** WHAT YOU ARE ASKED TO DO **
In the records below, find the line that contains "Armoire de salle" and the line that contains "Toysmith: Neato - Wooden Catch Ball", then retype exactly those two lines and every line between them.

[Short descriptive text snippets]

++++++++

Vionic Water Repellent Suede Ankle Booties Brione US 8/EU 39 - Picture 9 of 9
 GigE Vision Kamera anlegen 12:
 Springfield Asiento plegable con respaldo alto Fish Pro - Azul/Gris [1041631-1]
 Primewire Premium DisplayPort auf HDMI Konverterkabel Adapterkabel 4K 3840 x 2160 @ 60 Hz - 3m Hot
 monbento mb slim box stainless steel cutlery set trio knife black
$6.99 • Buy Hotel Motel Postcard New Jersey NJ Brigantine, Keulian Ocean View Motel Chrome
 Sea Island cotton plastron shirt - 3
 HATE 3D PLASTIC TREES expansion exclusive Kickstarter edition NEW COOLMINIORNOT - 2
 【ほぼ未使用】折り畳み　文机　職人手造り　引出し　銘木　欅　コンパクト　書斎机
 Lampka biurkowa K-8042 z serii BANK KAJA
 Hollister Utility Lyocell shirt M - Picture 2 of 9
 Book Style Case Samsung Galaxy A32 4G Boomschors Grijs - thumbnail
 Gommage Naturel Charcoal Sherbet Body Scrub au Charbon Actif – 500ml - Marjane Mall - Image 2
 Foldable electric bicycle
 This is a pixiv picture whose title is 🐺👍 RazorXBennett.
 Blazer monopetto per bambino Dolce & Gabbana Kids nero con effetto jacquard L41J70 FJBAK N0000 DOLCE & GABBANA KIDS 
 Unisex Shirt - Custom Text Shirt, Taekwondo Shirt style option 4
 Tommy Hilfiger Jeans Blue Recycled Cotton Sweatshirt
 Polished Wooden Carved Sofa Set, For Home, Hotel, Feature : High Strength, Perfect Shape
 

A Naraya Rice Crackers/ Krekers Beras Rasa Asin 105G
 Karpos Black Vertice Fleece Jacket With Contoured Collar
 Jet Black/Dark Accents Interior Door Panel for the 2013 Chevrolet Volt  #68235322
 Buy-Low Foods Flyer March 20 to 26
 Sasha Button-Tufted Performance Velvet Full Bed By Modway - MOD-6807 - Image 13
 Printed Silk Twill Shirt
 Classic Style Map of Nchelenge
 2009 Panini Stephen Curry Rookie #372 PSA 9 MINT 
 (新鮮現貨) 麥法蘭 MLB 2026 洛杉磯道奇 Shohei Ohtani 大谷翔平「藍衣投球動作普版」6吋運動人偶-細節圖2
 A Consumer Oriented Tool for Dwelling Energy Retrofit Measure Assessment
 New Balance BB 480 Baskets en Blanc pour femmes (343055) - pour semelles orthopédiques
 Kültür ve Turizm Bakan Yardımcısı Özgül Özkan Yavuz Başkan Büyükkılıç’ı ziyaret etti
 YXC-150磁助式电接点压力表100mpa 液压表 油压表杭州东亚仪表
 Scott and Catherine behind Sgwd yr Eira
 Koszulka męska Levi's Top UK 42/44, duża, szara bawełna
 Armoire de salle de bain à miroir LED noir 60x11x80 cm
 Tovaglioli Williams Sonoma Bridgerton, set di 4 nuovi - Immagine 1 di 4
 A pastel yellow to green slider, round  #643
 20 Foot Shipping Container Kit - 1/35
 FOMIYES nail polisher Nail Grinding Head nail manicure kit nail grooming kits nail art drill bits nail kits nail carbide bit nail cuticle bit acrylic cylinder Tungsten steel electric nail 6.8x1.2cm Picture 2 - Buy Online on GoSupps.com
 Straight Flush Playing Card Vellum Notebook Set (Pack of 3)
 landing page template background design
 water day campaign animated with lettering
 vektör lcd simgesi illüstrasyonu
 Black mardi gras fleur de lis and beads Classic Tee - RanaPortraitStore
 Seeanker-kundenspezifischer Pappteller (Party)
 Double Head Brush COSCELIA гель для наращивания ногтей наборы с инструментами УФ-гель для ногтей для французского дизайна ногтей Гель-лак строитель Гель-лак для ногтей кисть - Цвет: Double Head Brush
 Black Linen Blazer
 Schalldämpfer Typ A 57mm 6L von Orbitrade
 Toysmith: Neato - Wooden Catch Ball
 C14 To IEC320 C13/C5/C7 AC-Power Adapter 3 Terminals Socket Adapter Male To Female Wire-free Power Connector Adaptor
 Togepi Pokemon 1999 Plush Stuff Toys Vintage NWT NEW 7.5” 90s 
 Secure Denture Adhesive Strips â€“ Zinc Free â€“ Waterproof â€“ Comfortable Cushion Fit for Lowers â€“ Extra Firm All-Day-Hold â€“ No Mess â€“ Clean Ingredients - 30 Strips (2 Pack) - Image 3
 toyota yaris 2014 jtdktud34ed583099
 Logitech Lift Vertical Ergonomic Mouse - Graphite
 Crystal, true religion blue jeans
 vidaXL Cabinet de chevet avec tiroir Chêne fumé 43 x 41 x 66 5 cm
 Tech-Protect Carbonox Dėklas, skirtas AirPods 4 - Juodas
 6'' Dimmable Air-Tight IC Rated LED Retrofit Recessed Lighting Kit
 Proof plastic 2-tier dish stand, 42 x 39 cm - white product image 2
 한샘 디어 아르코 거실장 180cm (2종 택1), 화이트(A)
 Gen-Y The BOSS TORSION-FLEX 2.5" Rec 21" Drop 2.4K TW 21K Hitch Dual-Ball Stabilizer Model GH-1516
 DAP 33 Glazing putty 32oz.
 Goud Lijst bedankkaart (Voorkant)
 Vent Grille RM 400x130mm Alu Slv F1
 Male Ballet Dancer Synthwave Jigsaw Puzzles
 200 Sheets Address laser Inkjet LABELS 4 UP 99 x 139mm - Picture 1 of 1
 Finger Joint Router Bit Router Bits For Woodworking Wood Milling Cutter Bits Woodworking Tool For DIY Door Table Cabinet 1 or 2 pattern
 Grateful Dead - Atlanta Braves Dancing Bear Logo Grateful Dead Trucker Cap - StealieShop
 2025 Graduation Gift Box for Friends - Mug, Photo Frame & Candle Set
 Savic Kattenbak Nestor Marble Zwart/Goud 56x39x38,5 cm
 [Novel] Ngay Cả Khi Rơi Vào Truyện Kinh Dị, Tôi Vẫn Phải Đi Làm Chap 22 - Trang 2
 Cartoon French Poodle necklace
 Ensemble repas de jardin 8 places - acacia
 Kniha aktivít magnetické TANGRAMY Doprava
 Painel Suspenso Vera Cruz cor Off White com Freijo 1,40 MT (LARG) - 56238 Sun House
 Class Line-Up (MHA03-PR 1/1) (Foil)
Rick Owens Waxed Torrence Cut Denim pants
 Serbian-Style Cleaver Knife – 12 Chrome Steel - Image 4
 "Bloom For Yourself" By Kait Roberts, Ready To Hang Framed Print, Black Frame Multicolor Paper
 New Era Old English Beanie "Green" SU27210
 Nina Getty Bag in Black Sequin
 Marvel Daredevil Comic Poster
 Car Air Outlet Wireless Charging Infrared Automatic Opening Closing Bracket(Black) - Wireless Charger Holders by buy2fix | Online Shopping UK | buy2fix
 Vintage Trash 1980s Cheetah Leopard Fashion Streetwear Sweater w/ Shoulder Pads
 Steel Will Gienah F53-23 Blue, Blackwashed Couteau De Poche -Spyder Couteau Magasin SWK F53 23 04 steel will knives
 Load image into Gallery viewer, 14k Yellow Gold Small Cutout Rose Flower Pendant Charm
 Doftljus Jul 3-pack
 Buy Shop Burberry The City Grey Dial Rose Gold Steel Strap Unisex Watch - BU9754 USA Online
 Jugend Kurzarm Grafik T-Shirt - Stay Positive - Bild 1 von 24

++++++++

** THE ANSWER **
 Armoire de salle de bain à miroir LED noir 60x11x80 cm
 Tovaglioli Williams Sonoma Bridgerton, set di 4 nuovi - Immagine 1 di 4
 A pastel yellow to green slider, round  #643
 20 Foot Shipping Container Kit - 1/35
 FOMIYES nail polisher Nail Grinding Head nail manicure kit nail grooming kits nail art drill bits nail kits nail carbide bit nail cuticle bit acrylic cylinder Tungsten steel electric nail 6.8x1.2cm Picture 2 - Buy Online on GoSupps.com
 Straight Flush Playing Card Vellum Notebook Set (Pack of 3)
 landing page template background design
 water day campaign animated with lettering
 vektör lcd simgesi illüstrasyonu
 Black mardi gras fleur de lis and beads Classic Tee - RanaPortraitStore
 Seeanker-kundenspezifischer Pappteller (Party)
 Double Head Brush COSCELIA гель для наращивания ногтей наборы с инструментами УФ-гель для ногтей для французского дизайна ногтей Гель-лак строитель Гель-лак для ногтей кисть - Цвет: Double Head Brush
 Black Linen Blazer
 Schalldämpfer Typ A 57mm 6L von Orbitrade
 Toysmith: Neato - Wooden Catch Ball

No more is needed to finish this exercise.